Speaking of Cheney's expense, how about another gripping edition of the Keyboard Kommando Komix?>

And last but not least a distant cousin of Charlie's (yes, I'm stretching it) escaped its crate on the tarmac and is lost in the marsh after competing in the NY dog show.

Posted by binky at February 16, 2006 01:07 PM | TrackBack | Posted to Blogorama


Comments

if you're interested in Cheney's claim that he has the power unilaterally to declassify any information he feels like declassifying, per TPM's cross-reference, Clemons' post on topic, and links embedded therein, is very very very very interesting, which is to say, tremendously disheartening in the sense that cheney's trying to hoodwink us one again. and that he would embed the claim in what ought to have been an unqualified mea culpa over the whittington debacle just shows that it's always and ever politics that matters in the bush white house (q.v. $1.6B in propaganda).

Posted by: Moon at February 16, 2006 02:48 PM | PERMALINK

Chuck Schumer:Racial profiling is immoral, unconstitutional, and it doesn't even work on its own terms."
Will the real Chuck Schumer please stand up?
"We're calling for the full six-week investigation. It's a serious investigation and the reason why this is critical is while maybe there's nothing wrong with this company, how do we know they're not infiltrated?" asked Sen. Chuck Schumer, D-N.Y. "The United Arab Emirates has had people involved in terrorism. In fact, some of its financial institutions laundered the money for the (Sept, 11) terrorists. And to just blithely go ahead and treat this as another economic transaction is all wrong."

Posted by: Morris at February 16, 2006 04:16 PM | PERMALINK

Outsourcing in this case, is not a good idea, and I don't think they need to rely on the same fearmongering that plays so well over in LGF-land. The "has people involved with terrorism" argument is stupid, overly broad and borders on condeming a the UAE as chock full of evildoers. The money laundering is relevant. If there are systematic security issues, those are relevant. I think the first statement was stupid and overly broad. That being said, I don't know that handing over port security to anyone is a good idea. Well, maybe the Mossad.*

* I kid!

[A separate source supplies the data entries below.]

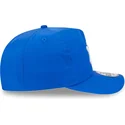 new-era-new-york-yankees-mlb-golfer-everyday-nylon-verstellbare-blaue-kappe-mit-gebogenem-schirm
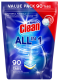 AT HOME CLEAN TABS LAVE VAISSELLE 90SC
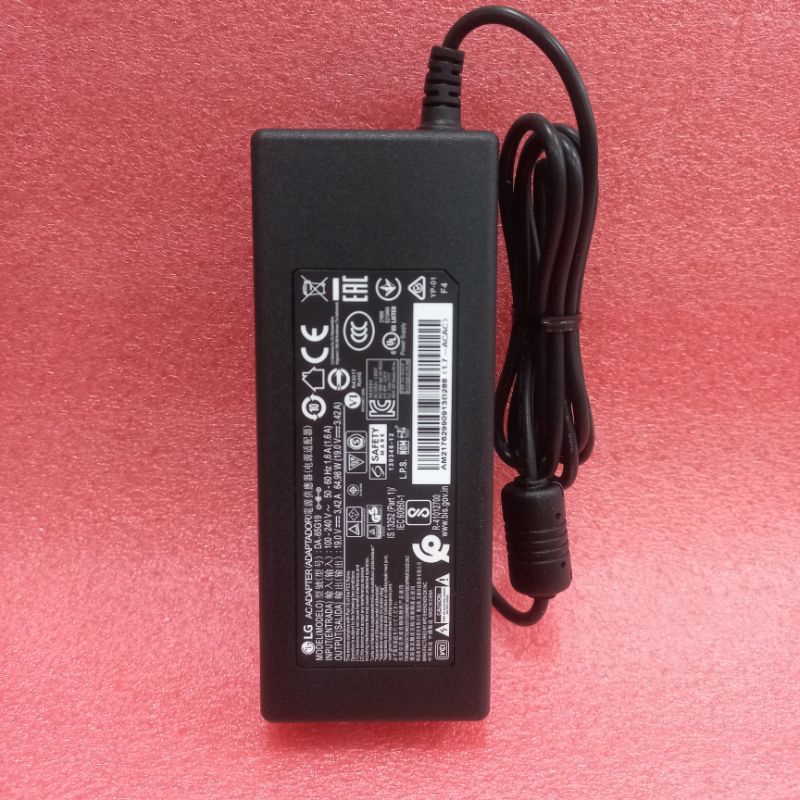 ADAPTOR LG 19V ,1,6A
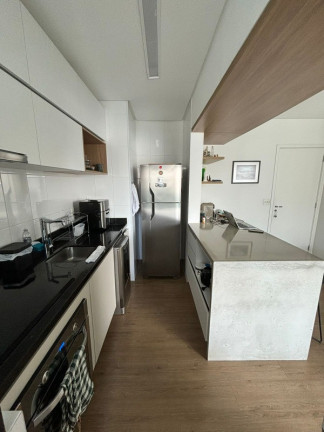 Imagem Imóvel com 1 Quarto à Venda, 59 m² em Campo Belo - São Paulo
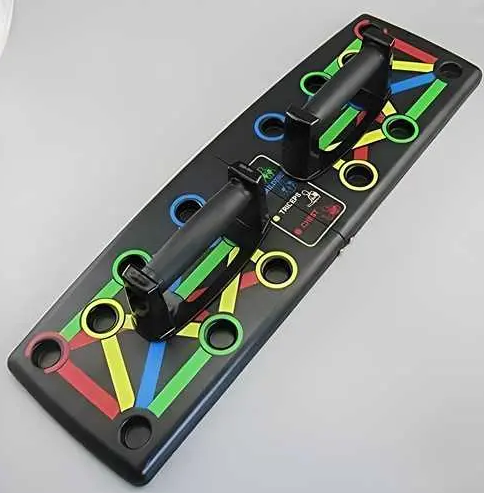 🔥 FitBeast X-Board 2.0 – Total Push-Up Revolution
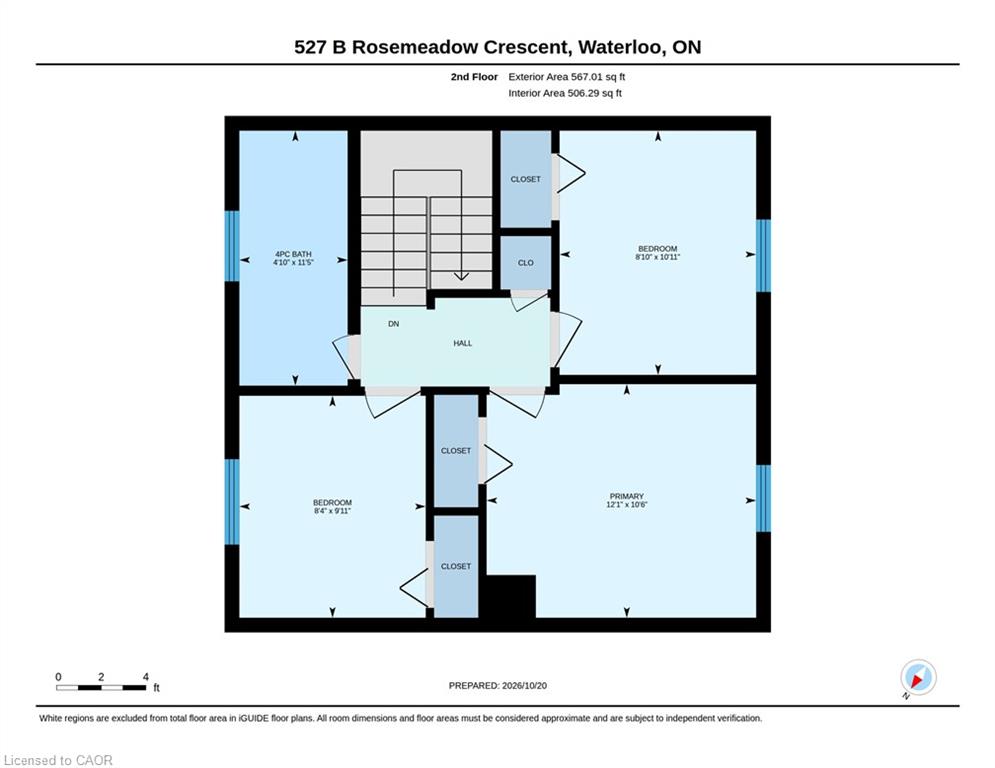 527b Rosemeadow Crescent Property Photo 21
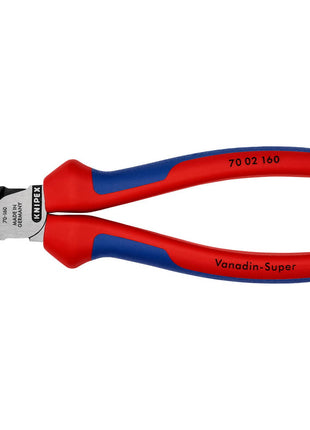 KNIPEX Seitenschneider Länge 160 mm ( 4000810126 )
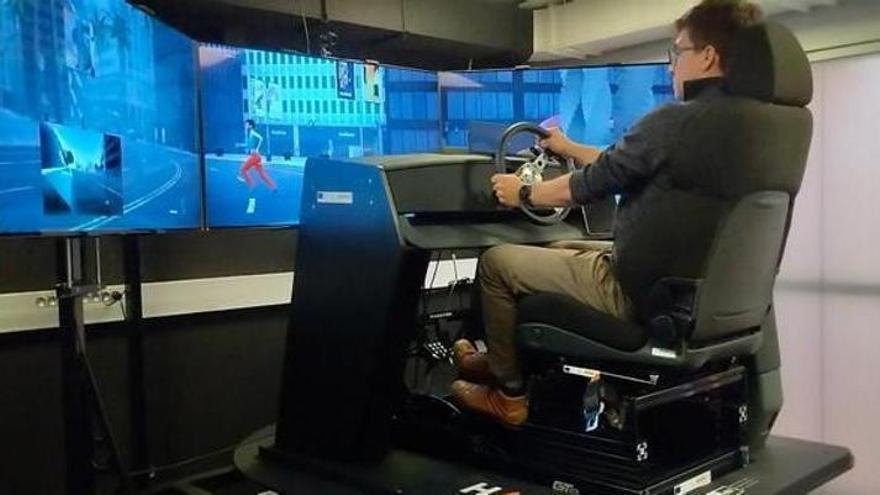 El proyecto europeo BERTHA desarrolla un modelo para humanizar la conducción autónoma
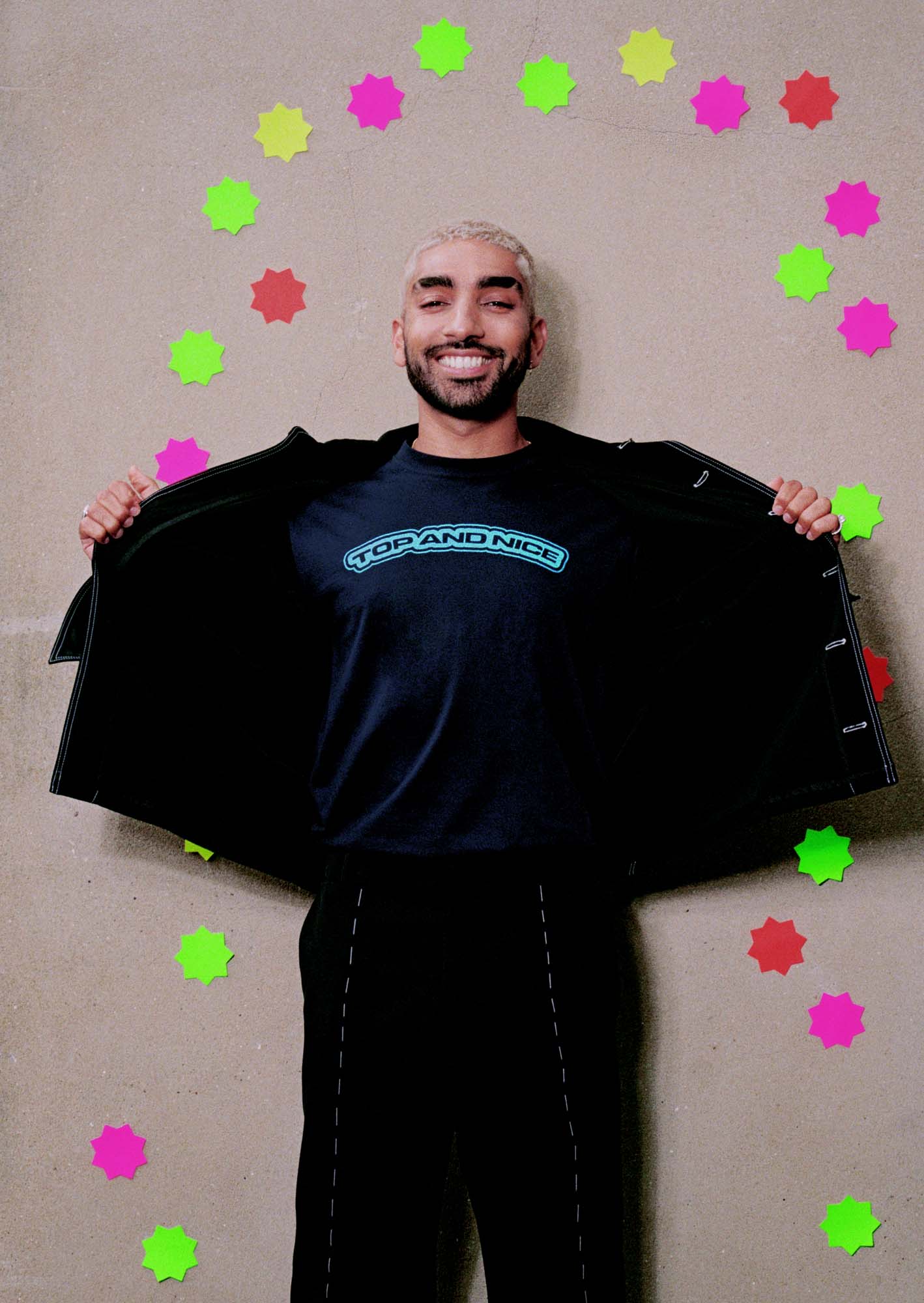 Polyester Zine | Mawaan Rizwan
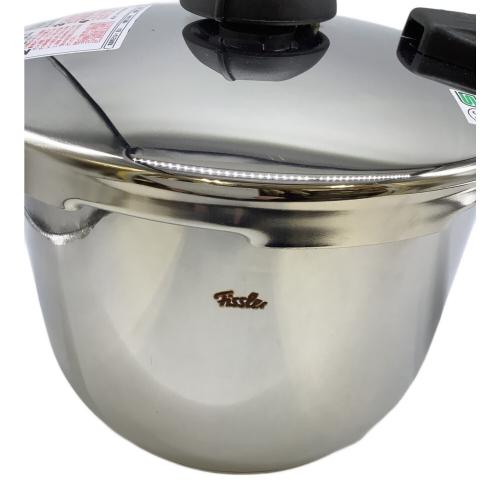 Fissler (フィスラ) 圧力鍋 PSCマーク(圧力鍋)有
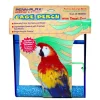 Store Pet Shop Direct - Penn Plax Acrylic & Cement Bird Cage Perch w/Treat Cup - Pet Home | The Perfect Pet Supplies Shopping Experience Shop All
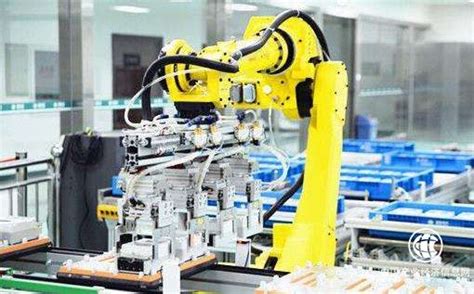 广东东莞打造世界级机器人产业园区 - 广东 - 中国产业经济信息网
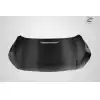 2016-2021 Honda Civic Carbon Creations Type R Look Hood - 1 Piece - Image 2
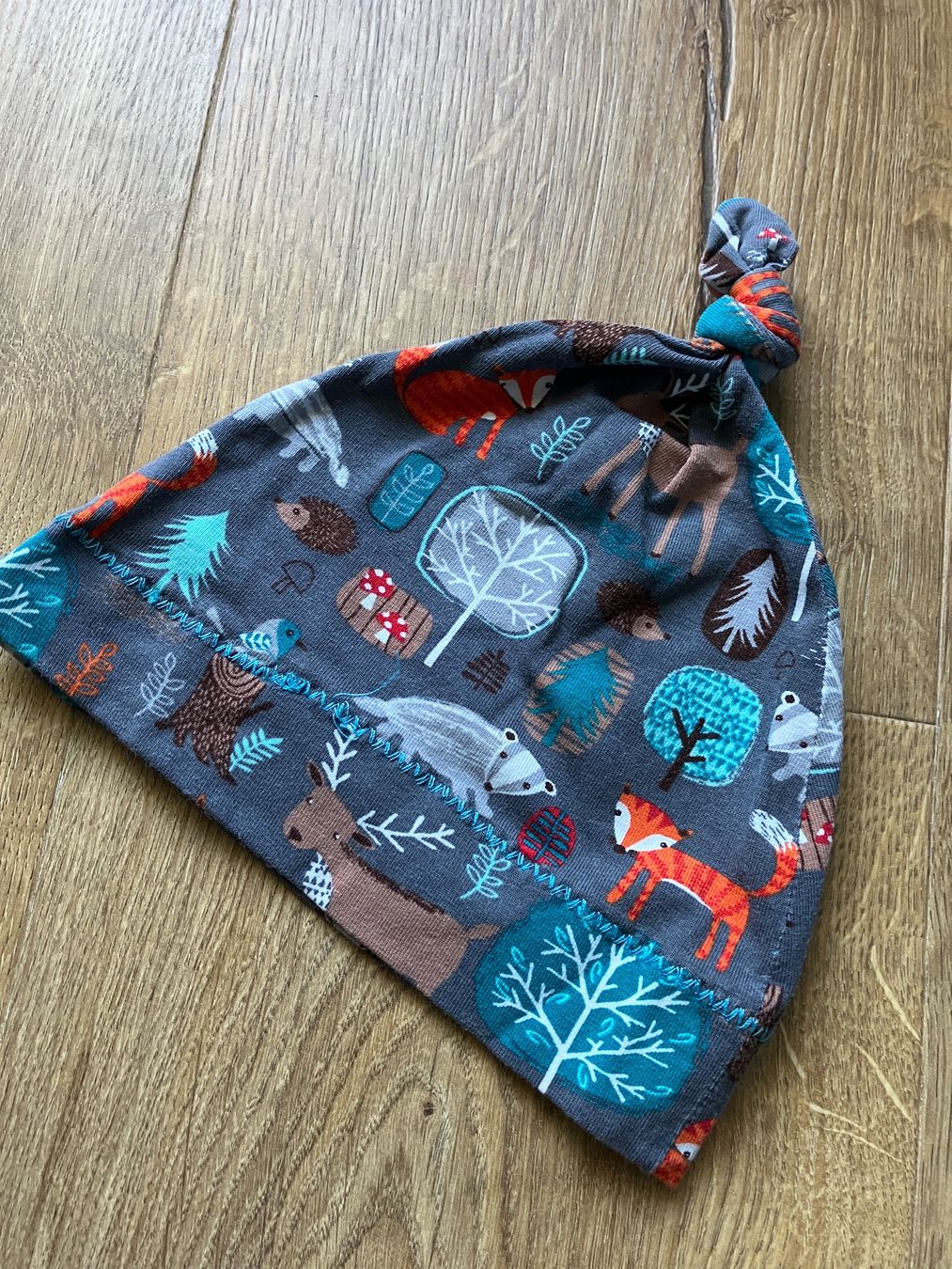 Berretti & Sciarpe: Spring baby hat 3-6M – Usato da Brugg AG venduto da Magna3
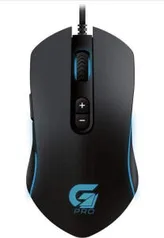 [PRIME] Mouse Gamer Fortrek PRO M7 RGB - Preto | R$77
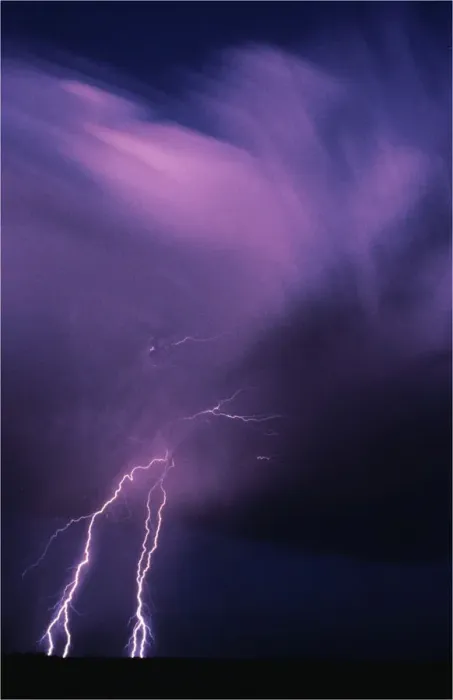 Framed Print : Storm, Burke, outback New South Wales, Australia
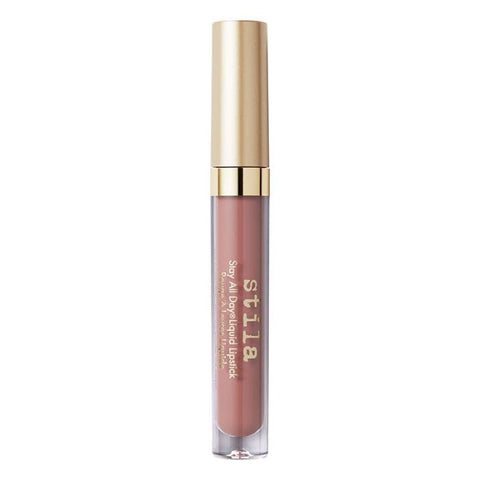 Stila Stay All Day Liquid Lipstick - Long Lasting & Weightless - Matte Finish - 25 g (Pack of 1), Beige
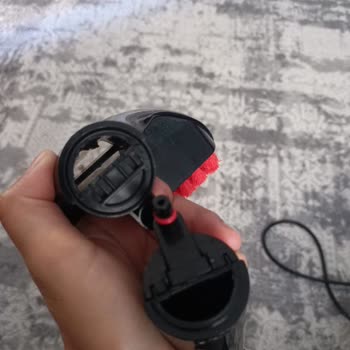 Bissell Spotclean Pro'da Tekrarlayan Parça Kırılması Ve Ücretsiz Değişim İsteği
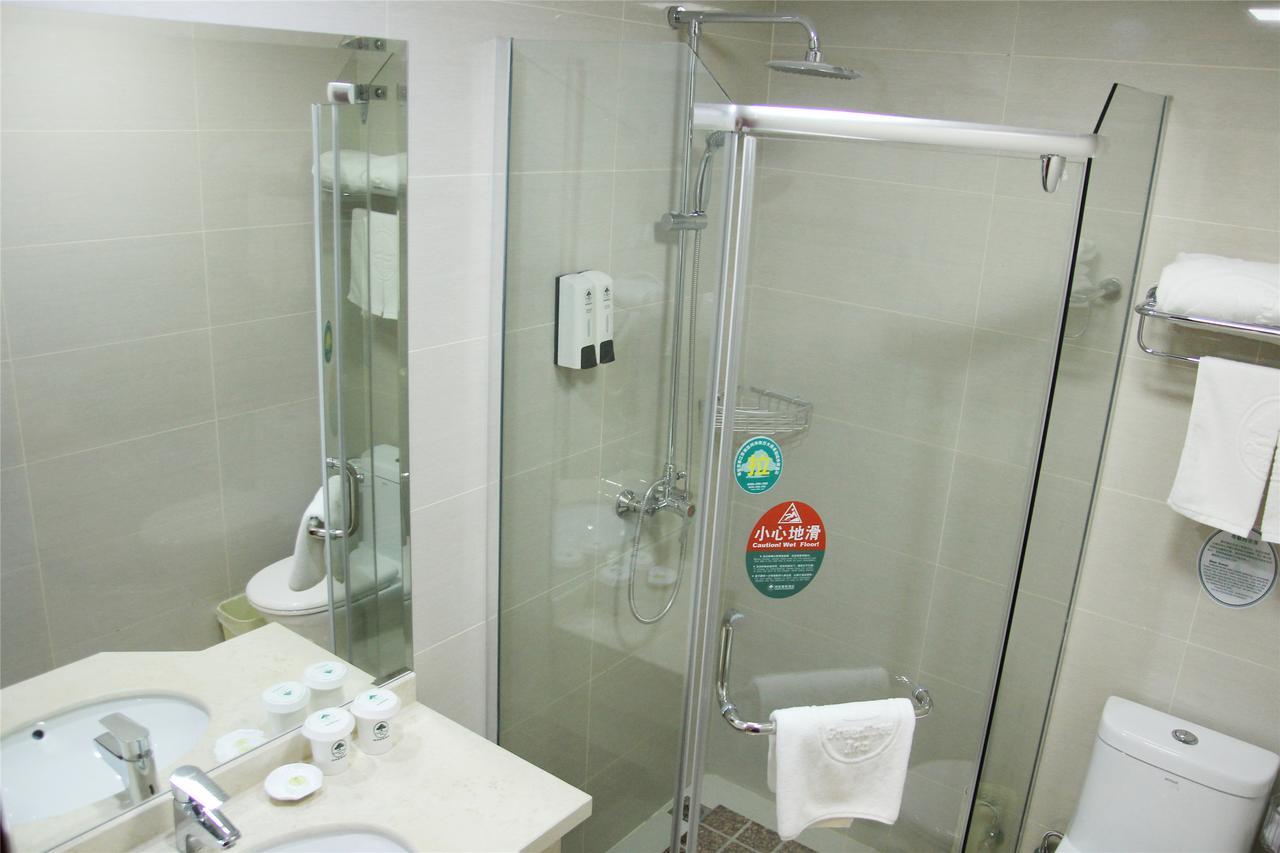 Greentree Alliance Zhejiang Metro South Changshou Road Hotel Νινγκμπό Εξωτερικό φωτογραφία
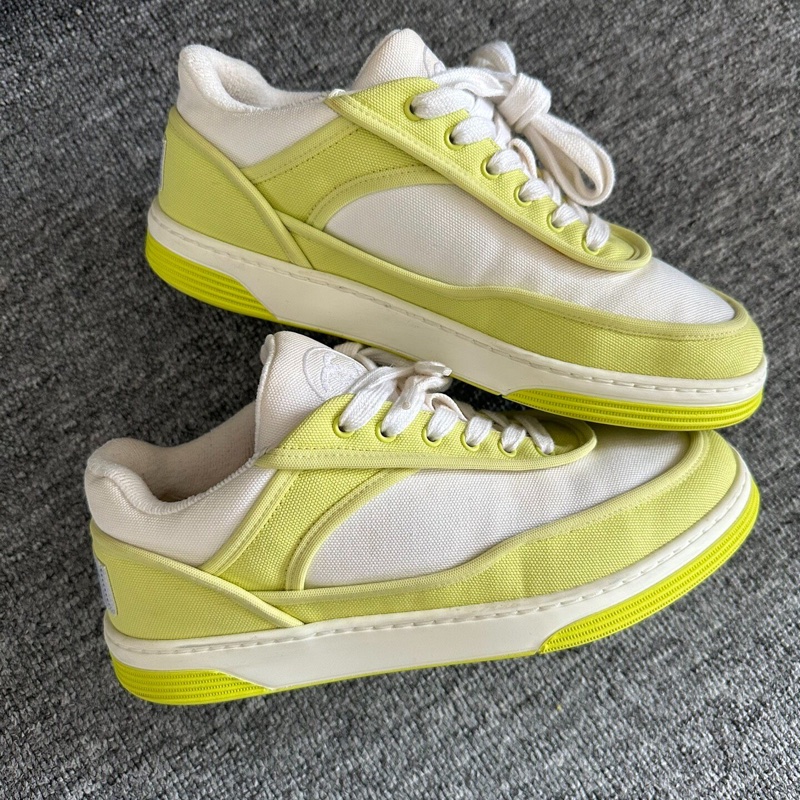 CHANEL香奈兒休閒板鞋 35.5碼-3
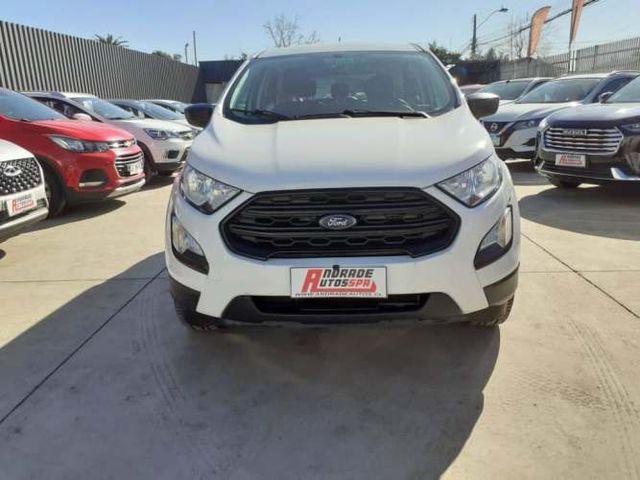Ford Ecosport 2019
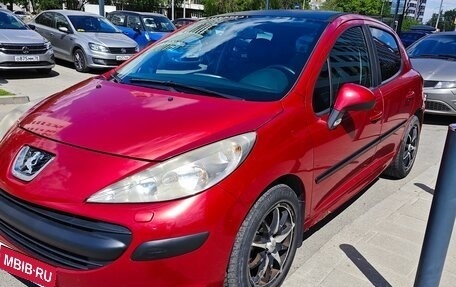 Peugeot 207 I, 2007 год, 499 999 рублей, 6 фотография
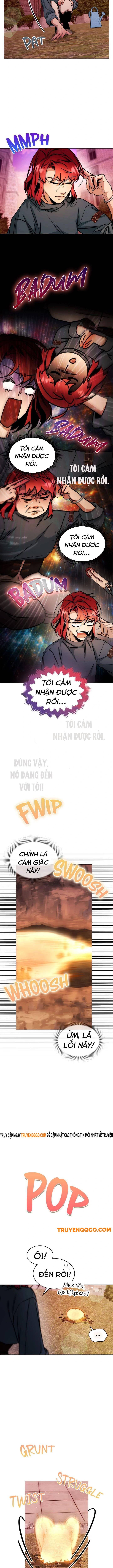 Cục Quản Lí Bảo Vệ Dị Chủng Chapter 12 - Trang 2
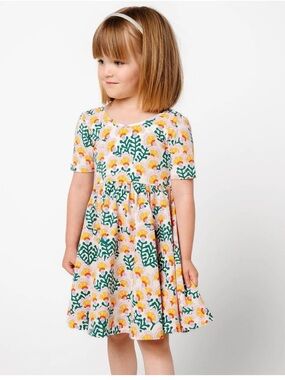 Alice + Ames Serenity Floral Ballet Dress Sz 7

I kid!

Posted by: binky at February 16, 2006 04:26 PM | PERMALINK

don't you know, binky!? the mossad already runs american ports. just ask any number of people in the UAE.

hey mo, maybe if the bush administration had turned away from the war in iraq to do one measly thing about the woeful state of our port security (almost certainly our biggest vulnerability with respect to NBC attacks) schumer could turn his attention elsewhere and you could keep smearing him as soft on terrorism.

Posted by: moon at February 16, 2006 07:59 PM | PERMALINK

There's a way to compel Congress to investigate, even if they refuse: [ Click ]

Posted by: Constant at February 17, 2006 04:59 PM | PERMALINK

wow. interesting link, constant (hint to other comers, when you get to his page, just follow the Kos link, the other one doesn't work).